BEGIN LISTED RECORDS

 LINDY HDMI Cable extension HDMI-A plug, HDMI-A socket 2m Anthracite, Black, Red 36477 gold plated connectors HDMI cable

END LISTED RECORDS
BEGIN LISTED RECORDS

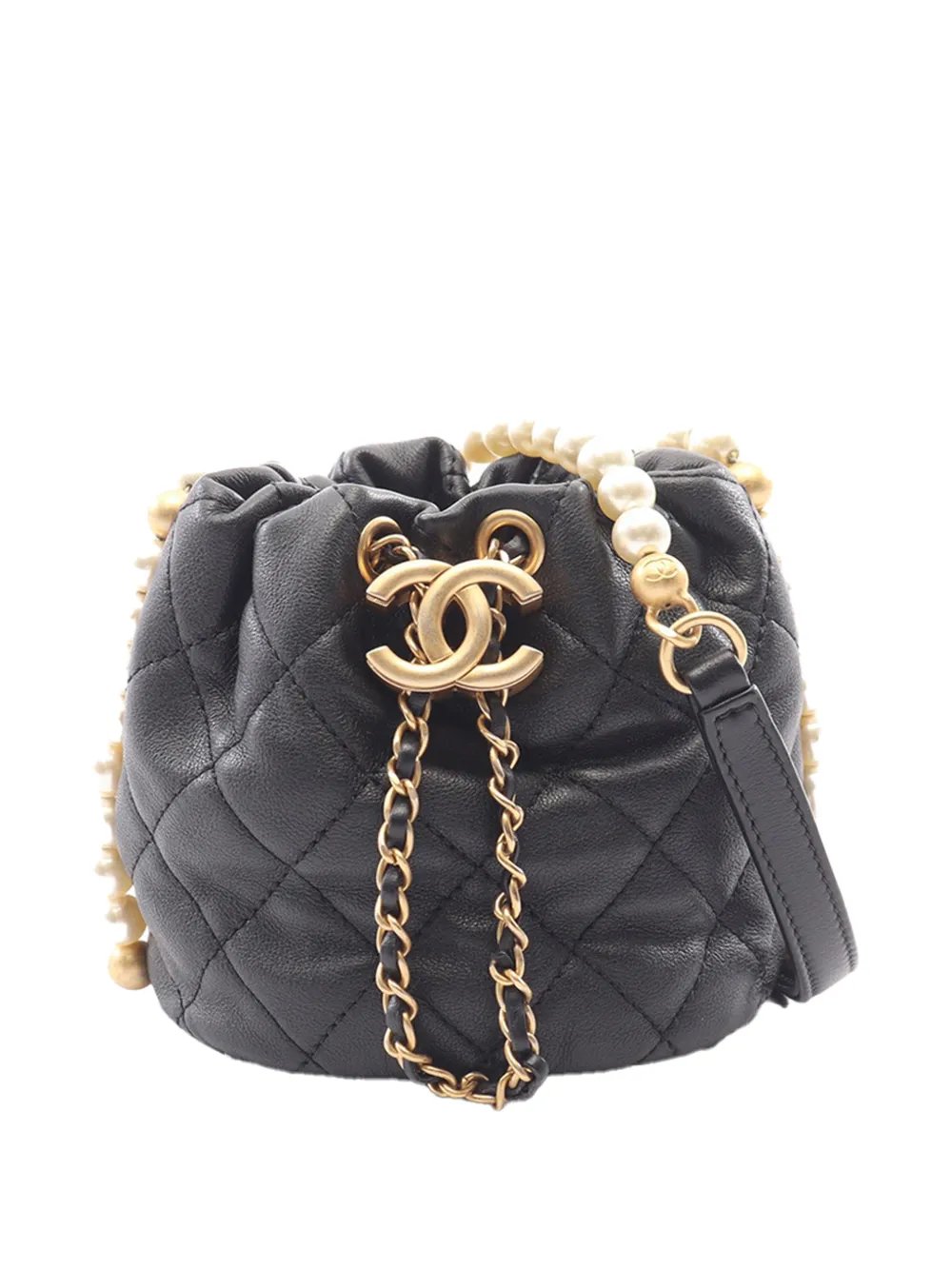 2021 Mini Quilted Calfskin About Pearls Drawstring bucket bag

END LISTED RECORDS
BEGIN LISTED RECORDS

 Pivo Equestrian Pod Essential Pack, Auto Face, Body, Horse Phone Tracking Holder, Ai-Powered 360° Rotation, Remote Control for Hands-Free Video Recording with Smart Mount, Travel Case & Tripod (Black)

END LISTED RECORDS

TASK DETAILS:
Return the lines containing "Black", taking each one from the listing.

FINAL ANSWER:
 LINDY HDMI Cable extension HDMI-A plug, HDMI-A socket 2m Anthracite, Black, Red 36477 gold plated connectors HDMI cable
 Pivo Equestrian Pod Essential Pack, Auto Face, Body, Horse Phone Tracking Holder, Ai-Powered 360° Rotation, Remote Control for Hands-Free Video Recording with Smart Mount, Travel Case & Tripod (Black)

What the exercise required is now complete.